Según relató ante los representantes de los países del mundo, Zelaya aseguró que los militares se presentaron en su casa en el centro de Tegucigalpa y, tras una escaramuza con su guardia personal, entraron en la vivienda en la que se encontraba acompañado de su hija de 21 años. El presidente bajó de sus aposentos a la planta baja y allí fue encañonado y conminado a que soltara un teléfono móvil con el que intentaba comunicarse con los medios de comunicación hondureños para contar lo que estaba pasando. En menos de 15 minutos Zelaya estaba montado en un avión y en 40 aterrizaba en Costa Rica... en pijama. Ni siquiera le dejaron vestirse.

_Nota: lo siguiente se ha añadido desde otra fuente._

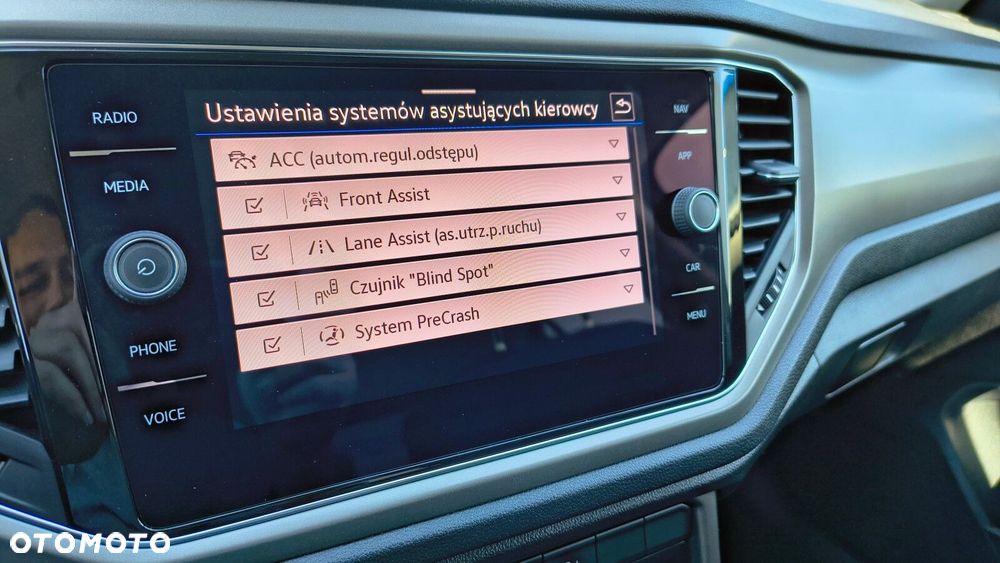 Volkswagen T-Roc - 25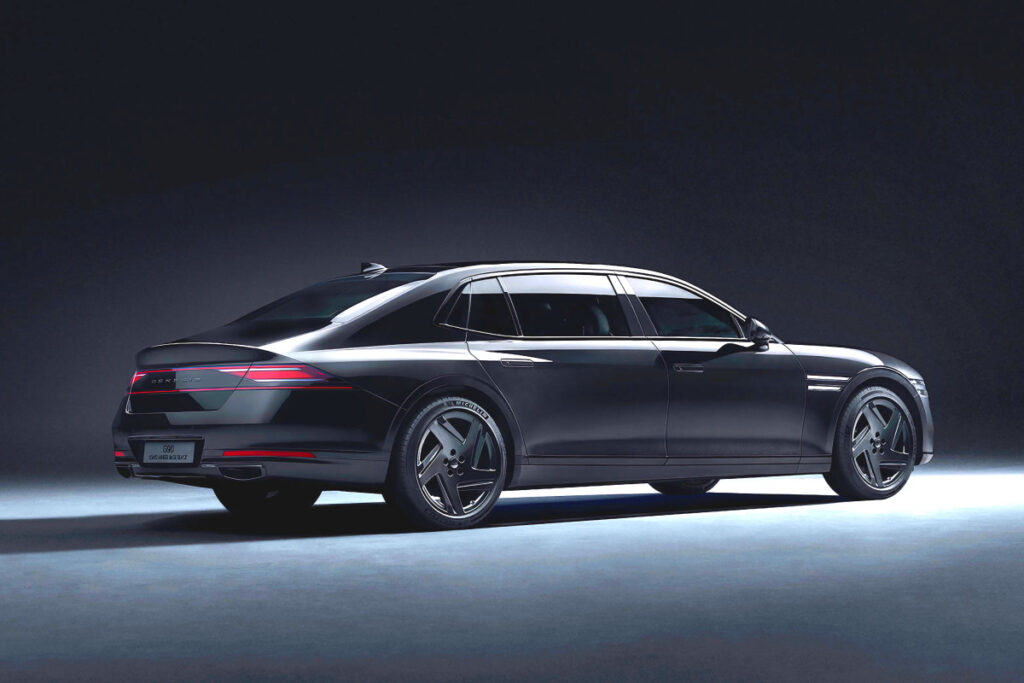 롤스로이스 타던 아빠들도 '시선집중'…제네시스 신차, 이게 대체 무슨일? 5 G90 Longwheel Base Black launched (5)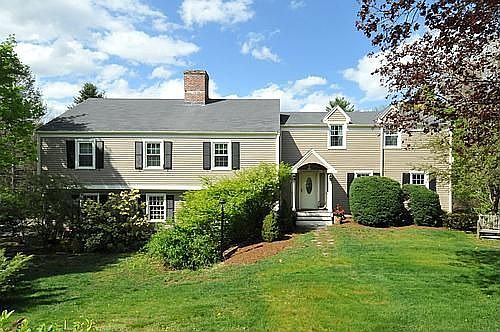 1st image of 12 Candlewood Dr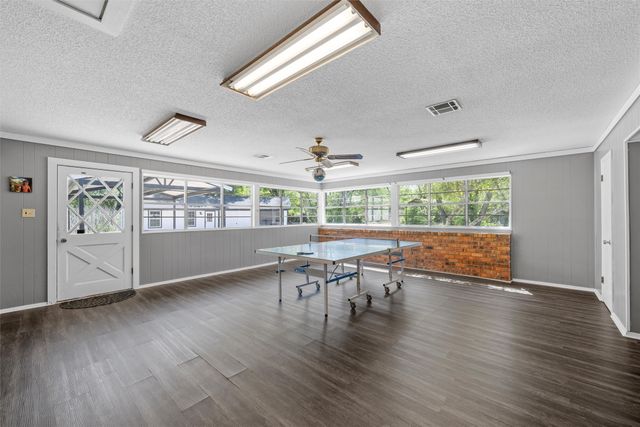 1049 W Moonlight Drive, Robinson, TX 76706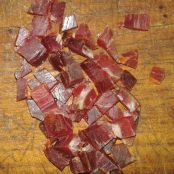 Huevo sobre cama de arroz frito al ajo y lomo - Paso 1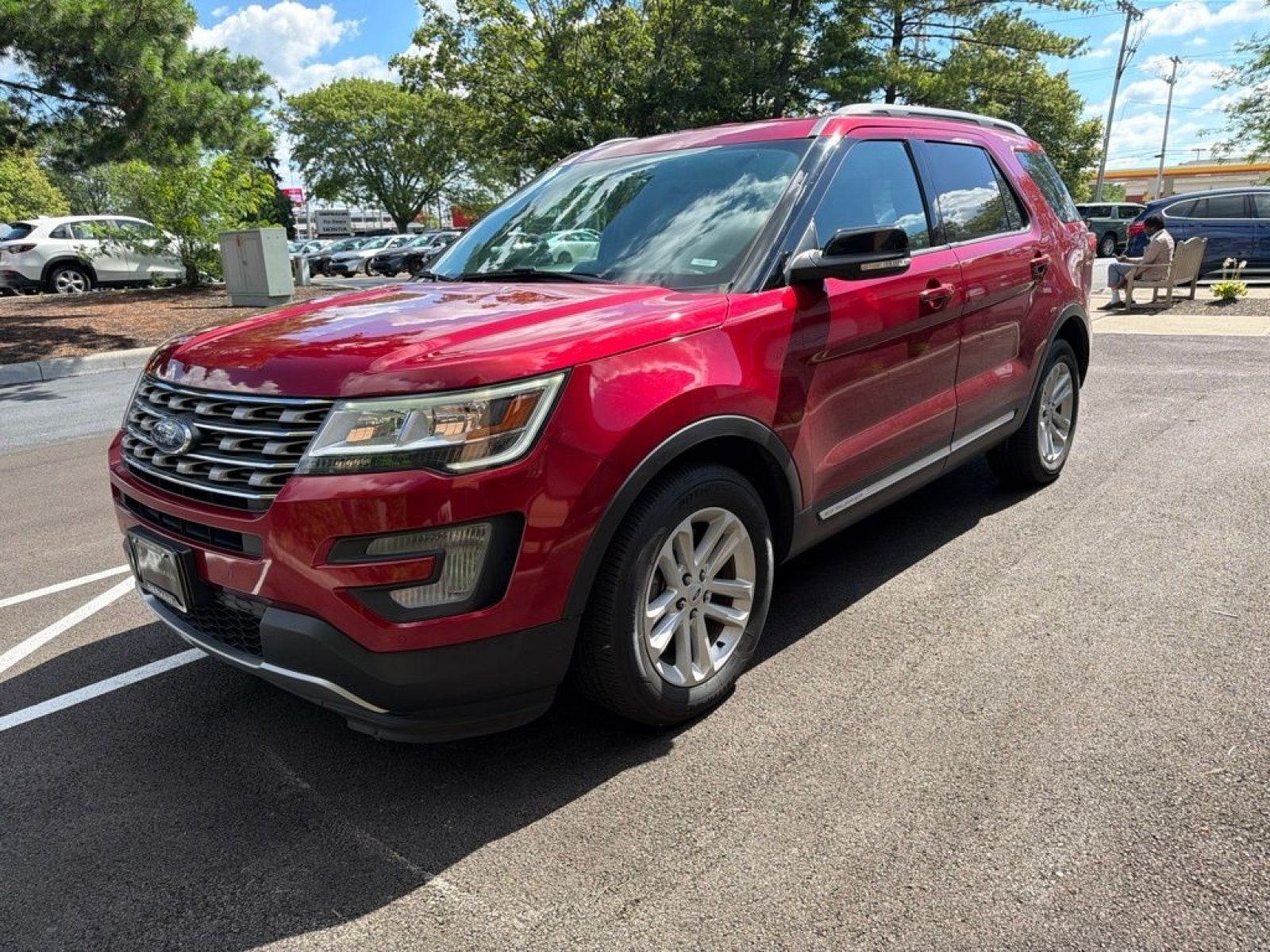 Used 2017 Ford Explorer XLT w/ Equipment Group 202A FWD image 2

No entro a analizar las políticas de Zelaya porque ni las conozco ni ahora son importantes, ahora hay un bien superior que hay que salvaguardar: La democracia. La voluntad de los hondureños. Los países del mundo y los de su entorno deben ponerse de acuerdo e impedir que los golpistas sigan con esa pantomima de gobierno que han colocado y que, según ellos, debe conducir a Honduras a unas nuevas elecciones en un futuro próximo. Deben celebrarse las elecciones cuando toque, pero antes, ya, se debe restablecer el orden democrático en el país, y para eso hace falta que el presidente hondureño, elegido por su pueblo, vuelva a ocupar su cargo. Ese es el principio de todo, y el resto sobra.